The notification and take down procedures are good news for copyright owners. The procedures aid copyright owners by providing a well-defined set of procedures for removing valuable copyrighted content from unauthorized use. Furthermore, the DMCA gives copyright owners the right to obtain a subpoena that directs an online service provider to provide identifying information regarding an alleged copyright infringer.

Online service providers benefit from the notification and take down procedures as well: if a provider follows the notice and take down procedures carefully-and in good faith-the providers are protected from liability for removing or blocking access to material that later turns out to be unprotectible.

Online service providers, however, must follow specific procedures; service providers may enjoy liability protection only if they designate an agent to receive DMCA infringement notices. The U.S. Copyright Office maintains a list of agents on its website-thousands of service providers have registered, and their contact information appears on the website.

ONLINE RESOURCE:
U.S. Copyright Office’s Online List of Designated Agents to Receive Infringement Notices: http://www.loc.gov/copyright/onlinesp/list/

So how does a notification and take down work? Assume a copyright owner discovers its content on an unauthorized website. The various parties must follow the following complicated notice and counter-notice scheme:

1. The copyright owner must contact the online service provider’s designated agent to receive DMCA infringement notices. The notice must meet the following requirements:
· The notice must be written
· The notice must contain the signature of a properly authorized person
· The notice must identify adequately the copyrighted work
· The notice must contain information sufficient to allow the service provider to contact the complaining party
· The notice must contain a statement that the complaining party has a good faith belief that the material is unauthorized
· The notice must contain a statement that information is accurate, and under penalty of perjury, that the complaining party is authorized to act on behalf of the owner of an exclusive right that is allegedly infringed.

2. Upon receiving the notice, if the service provider removes the allegedly infringing content, then the provider is exempt from copyright infringement claims for displaying the content the content and is exempt from claims based on having taken down the material.

3. The service provider, however, must notify the subscriber (the alleged infringer who is posting the copyrighted material) that the material has been removed or blocked.

4. A subscriber that feels his or her material is not infringing then may file a “counter-notice” to respond to the notice and take down.

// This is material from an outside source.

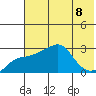 Pikmiktalik River tide chart for Thursday, August 8, 2024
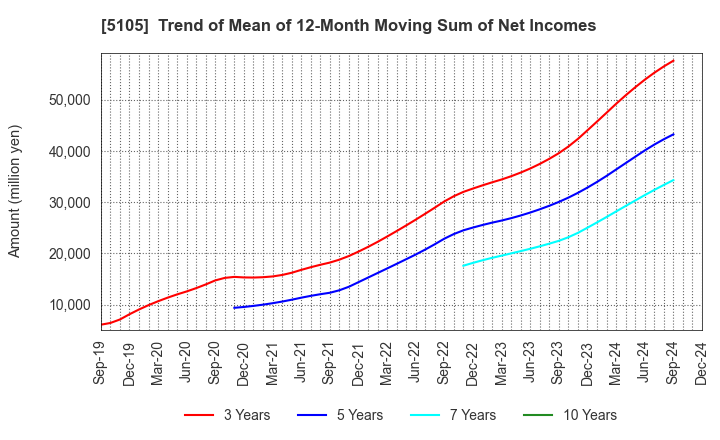 5105 Toyo Tire Corporation: Trend of Mean of 12-Month Moving Sum of Net Incomes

The counter-notice must meet the following requirements:
· The counter-notice must be written
· The counter-notice must contain the signature of a properly authorized person.
· The counter-notice must adequately identify material that has been removed or to which access has been disabled and the location at which the material appeared before it was removed or access to it was disabled.
· The counter-notice must contain a statement under penalty of perjury that the subscriber has a good faith belief that the material was removed or disabled as a result of mistake or misidentification of the material to be removed or disabled.
· The counter-notice must contain the subscriber’s name, address, and telephone number, and a statement that the subscriber consents to the jurisdiction of Federal District Court for the judicial district in which the subscriber’s address is located.